Последний вопрос, Андрей. Как вы хорошо знаете, угроза атомной войны стала орудием политического сдерживания, а страх атомной войны стал чем-то чисто личным для людей, в том числе и для моего поколения. Я это чувствовал, даже видел во сне… Теперь об этом много говорят. Поэтому вопрос очень странный и смешной: вы лично боитесь атомной войны?

Теоретически, естественно, боюсь, как и любой нормальный человек. Но так же, как и раньше, я думаю, что атомной войны не будет, и не будет по той простой причине, что очень четкую, решительную позицию занял Запад. Вообще Запад долго обсуждал вопросы ядерного шантажа Путина в связи с агрессией против Украины, и в Рамштайне были приняты... Ну я точно не знаю, бумаг у меня на руках нет, но мне западные дипломаты откровенно говорили, что Путин был предупрежден, что в случае применения любой формы ядерного оружия в Украине, даже тактического, по России будет нанесен стратегический ядерный удар колоссальной мощности, потому что Россия нарушит международное соглашение о неприменении ядерного оружия. И это было серьезное решение сорока одной страны, которое теперь уже пакт. Соответственно, Путин знает последствия своей игры с ядерным оружием, и он его никогда не применит. Это примерно то же самое, что было во время Второй мировой войны, еще в первый ее период, когда была битва за Англию в 1940 году и Гитлер угрожал англичанам, что если они не капитулируют, он применит химическое оружие. И тогда Соединенные Штаты, которые были нейтральной страной, вместе с Великобританией сделали заявление, что если Гитлер применит химическое оружие, то, конечно, Соединенные Штаты немедленно вступают в войну на стороне Великобритании и, во-вторых, вместе обе страны затопят Германию ипритом.
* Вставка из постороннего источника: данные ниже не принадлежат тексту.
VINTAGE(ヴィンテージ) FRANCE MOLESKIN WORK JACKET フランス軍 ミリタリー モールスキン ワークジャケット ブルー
Так до конца войны Гитлер и не применил химическое оружие, хотя у него в Германии его было полно. Вот в Первую мировую войну все применяли его, а во Вторую как бы о нем позабыли. Потому что сила противодействия будет больше, чем сила действия.

Здесь вы исходите из рациональных соображений. Но очень многие говорят, что у Путина нет выхода в рациональном смысле.
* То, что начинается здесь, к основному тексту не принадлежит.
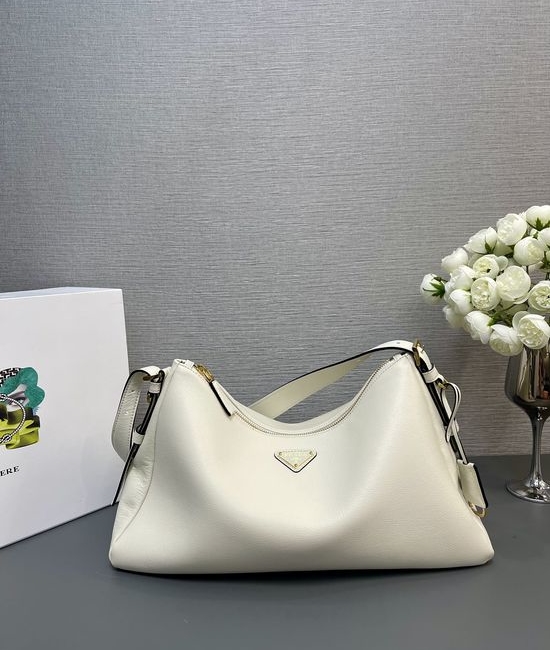 Prada Hobo Soft Leather Shoulder Bag 1BC228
У Гитлера тоже не было выхода, выход был только застрелиться в рейхсканцелярии. Понимаете, и Гитлера тоже называли бесноватым фюрером. У него действительно были свои заскоки. На самом деле похожие фигуры. Я думаю, что российское руководство никогда не пойдет на возможность погибнуть в ядерном огне, никогда. Потому что любое мирное соглашение, даже самое унизительное, не будет предполагать гибели их и их семей, а ядерная война, естественно, будет это предполагать.
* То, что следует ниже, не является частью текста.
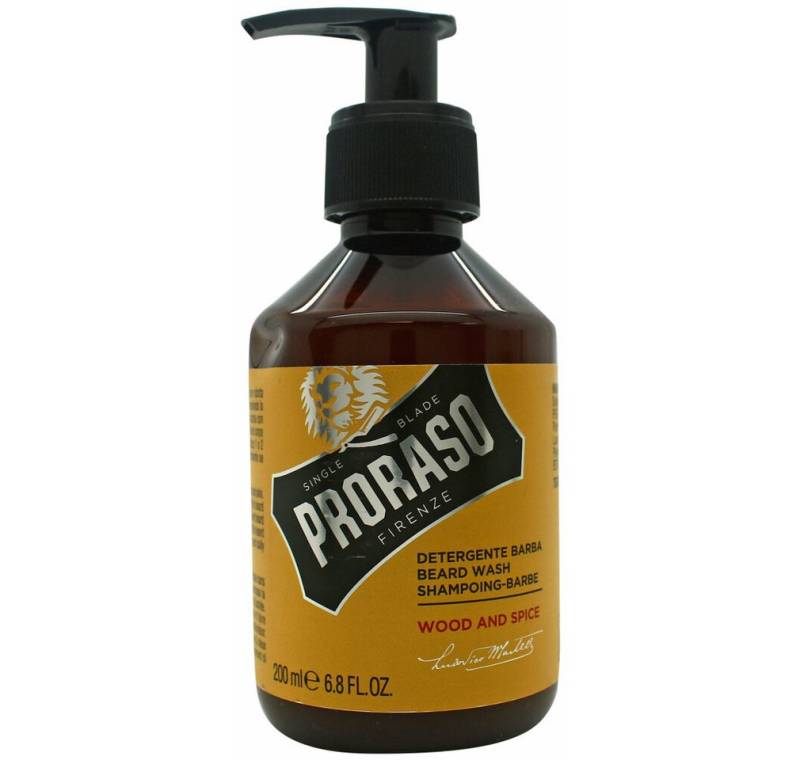 PRORASO Haarshampoo Bartshampoo Wood and Spice (200ml) von PRORASO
А если он воспринимает себя как орудие бога?

Ну слушайте, это мы уже с вами переходим в область фантазий. Он себя может воспринимать кем угодно. Но, по-моему, он просто очень боязливый человек, который даже испугался позволить самолетам летать над собой на 9 мая: мало ли какой-нибудь самолет стрельнет или протаранит его, предположим. Знаете, когда человек верит, что он орудие бога, он так себя не охраняет. Я вспоминаю даже покойного аятоллу Хомейни: он, может быть, очень неприятный человек был, но он, в общем-то, всегда ходил среди людей с минимальной охраной. Он верил, что бог его не оставит. Здесь совершенно другой случай.